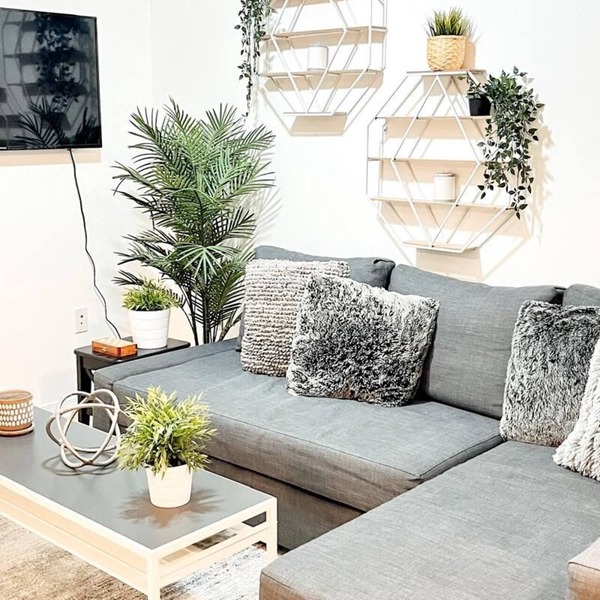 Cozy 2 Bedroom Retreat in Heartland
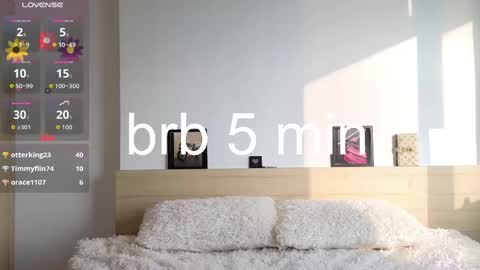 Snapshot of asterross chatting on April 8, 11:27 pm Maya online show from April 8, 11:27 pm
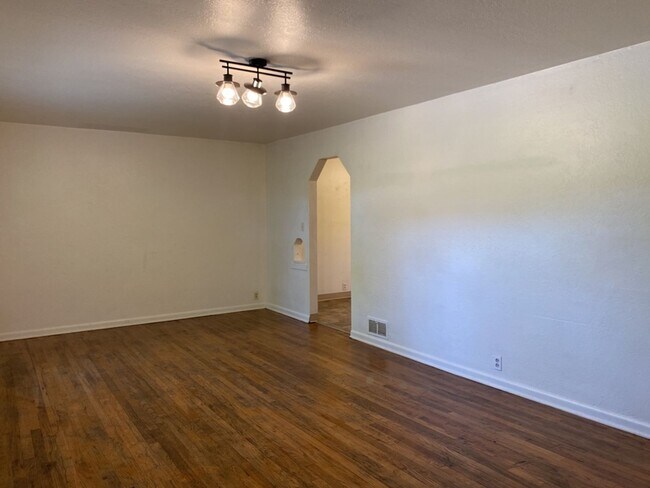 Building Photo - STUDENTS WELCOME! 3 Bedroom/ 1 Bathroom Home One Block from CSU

**WHAT IS EXPECTED:** Print the listing exactly, but skip its pictures.

**ANSWER BELOW:**
 Cozy 2 Bedroom Retreat in Heartland
 Snapshot of asterross chatting on April 8, 11:27 pm Maya online show from April 8, 11:27 pm
 Building Photo - STUDENTS WELCOME! 3 Bedroom/ 1 Bathroom Home One Block from CSU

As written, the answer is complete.